Joseph Vissarionovich Stalin [ru: Иосиф Виссарионович Сталин] (né Dzhugashvili [Джугашвили]) (Note: Stalin's birth name was Ioseb Besarionis dze Jughashvili (იოსებ ბესარიონის ძე ჯუღაშვილი), represented in Russian as Iosif Vissarionovich Dzhugashvili (Иосиф Виссарионович Джугашвили; pre-1918: Іосифъ Виссаріоновичъ Джугашвили).

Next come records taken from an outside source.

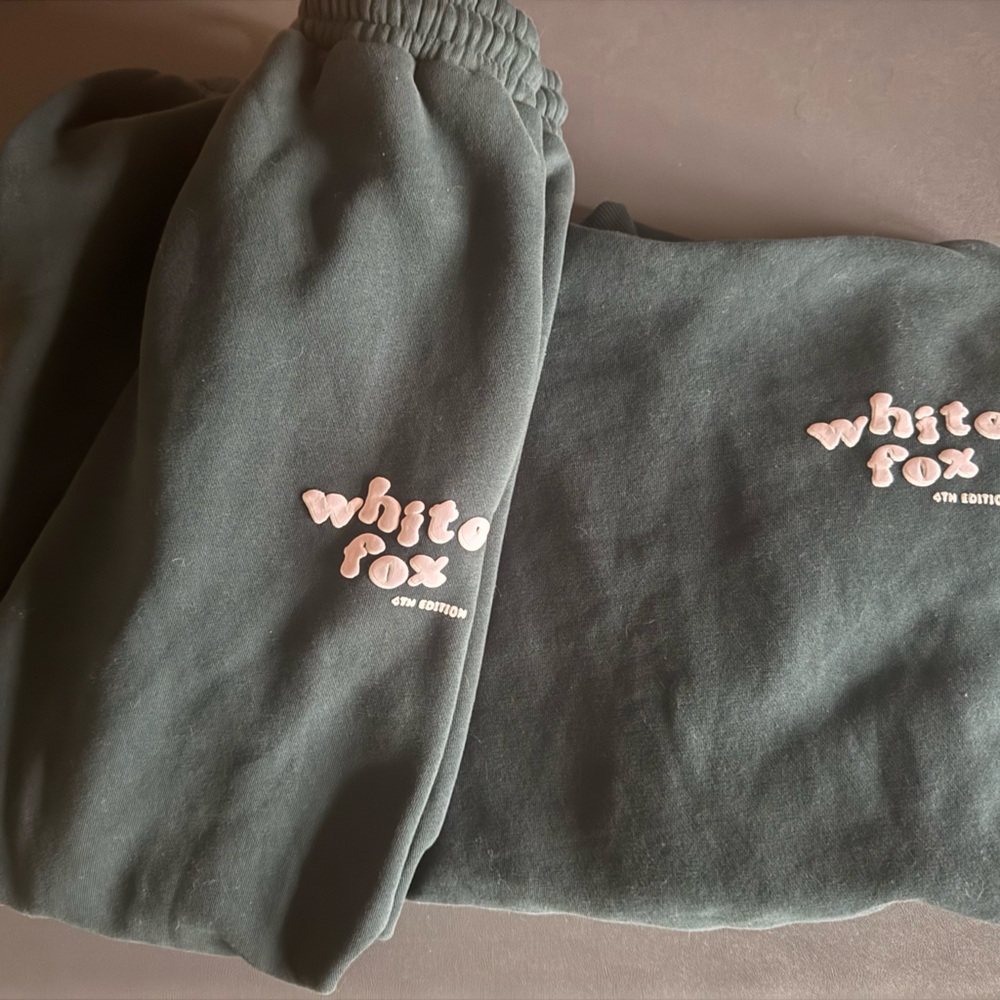 White Fox Boutique Dark Green Matcing Set! Great Condition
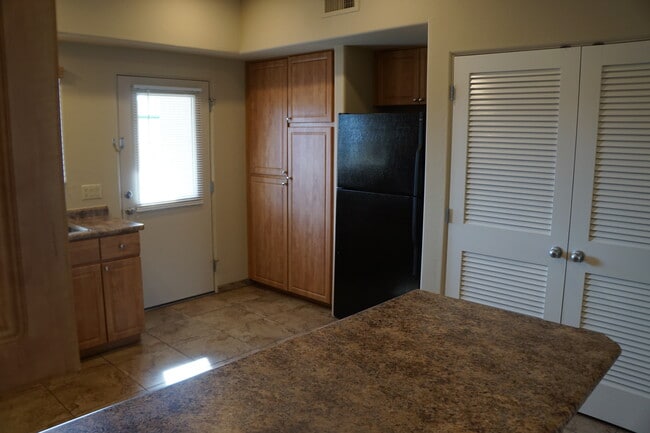 KITCHEN - 1435 W Kilburn St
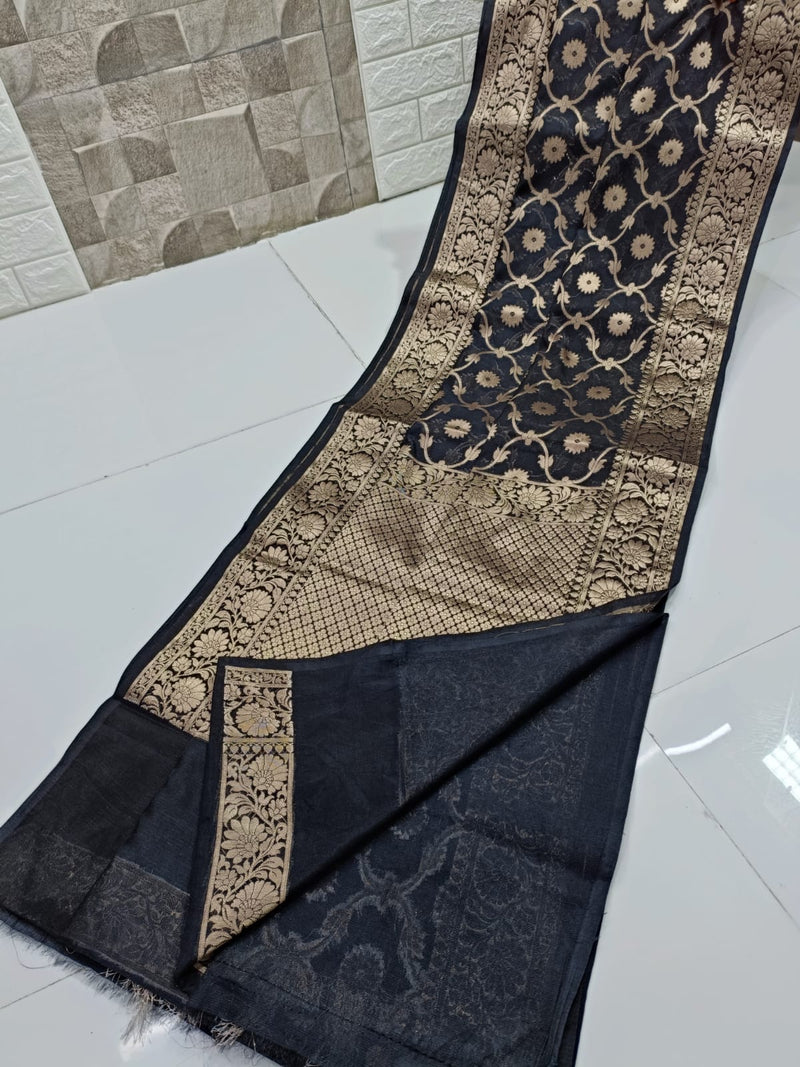 Semi Georgette Zari Work Saree With Blouse. ( length- 6.3 meter )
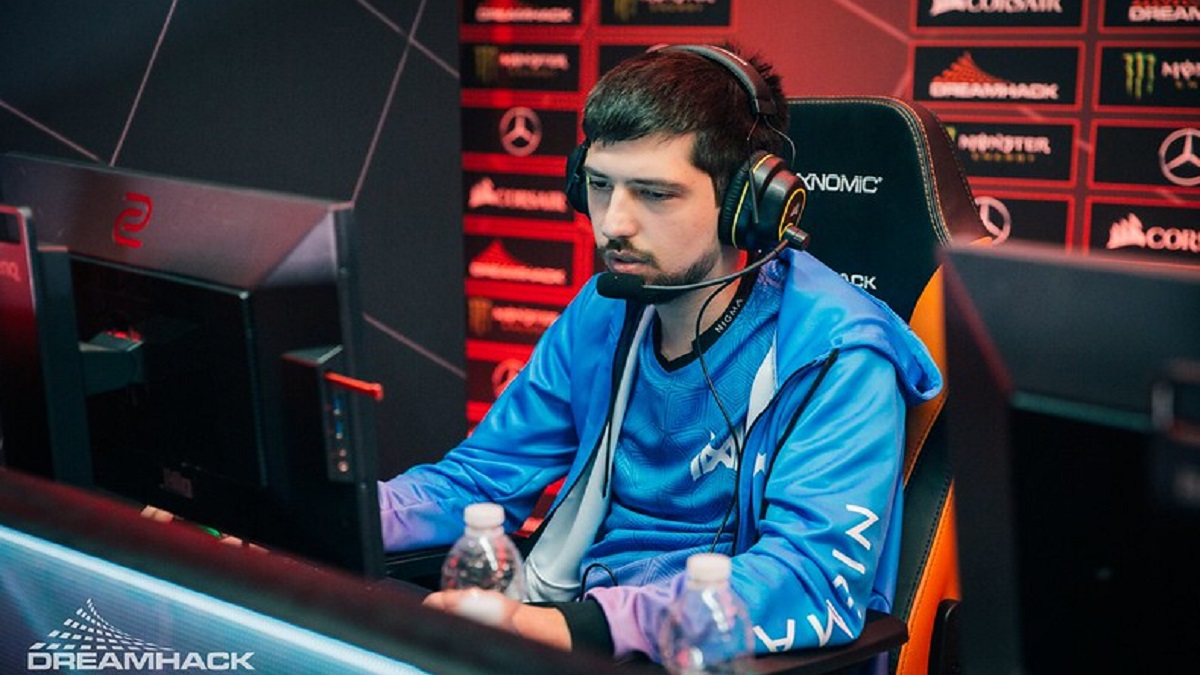 w33 removed from Team Nigma's active roster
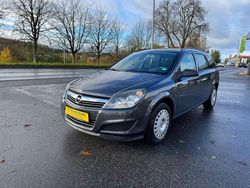 Grau Gebraucht 2009 Opel Astra Selection Kombi | 2.750 € (Etwas zu teuer)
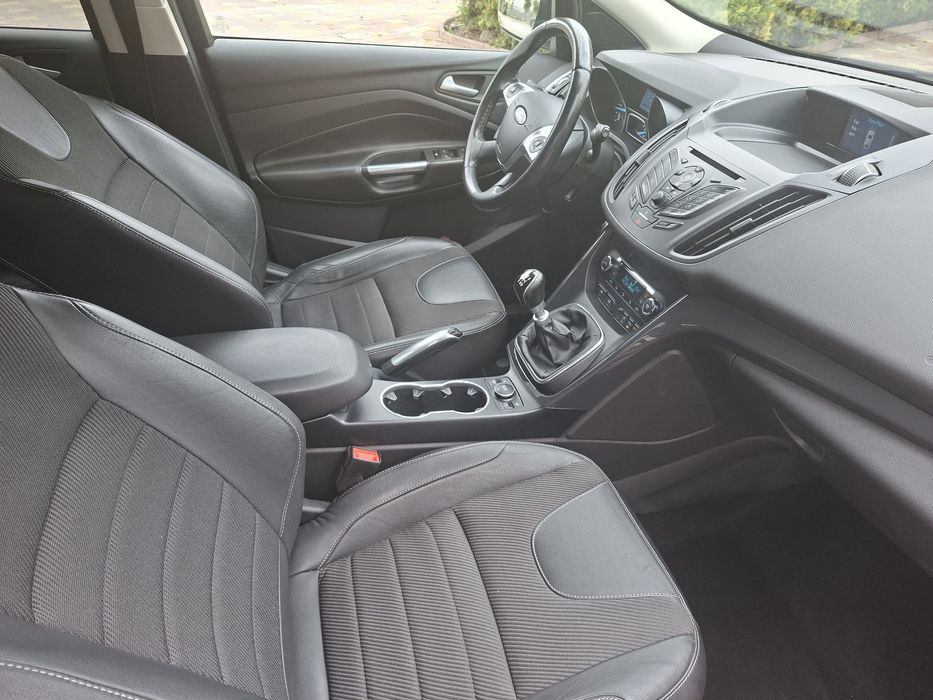 Ford  kuga Titanium  2015  4 x 4  2.0  Tdi  Adusa Recent Germania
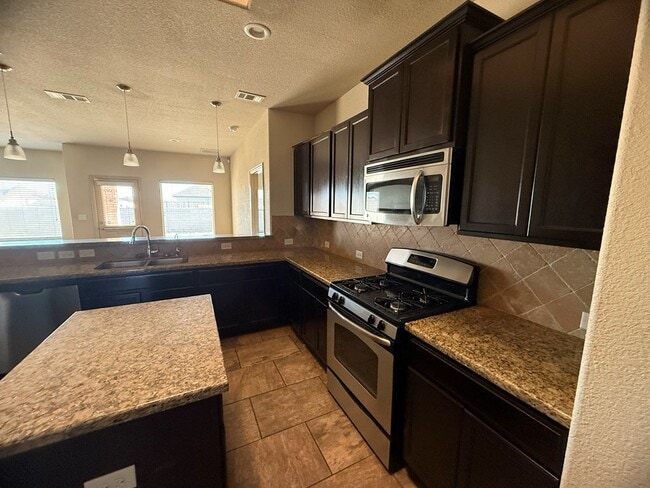 Photo - 3208 Rembrandt Ave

He adopted the alias "Stalin" during his revolutionary career and made it his legal name after the October Revolution.) ( – 5 March 1953) was a Georgian-born revolutionary, politician, and Marxist theoretician who led the Soviet Union from 1924 until his death in the spring of 1953.

==Works (so-called "Collected Works")==

During the middle 1920s, as historian Geoffrey Roberts observes, a "small industry" emerged publishing the collected works of prominent Bolshevik worthies, including V.I. Lenin, Lev Kamenev, Grigory Zinoviev, and Leon Trotsky. Having produced a smaller number of leaflets, pamphlets, articles, published speeches, and books than his peers, Stalin was not immediately part of this publishing frenzy, with his first systematic selected works volume appearing only in 1926.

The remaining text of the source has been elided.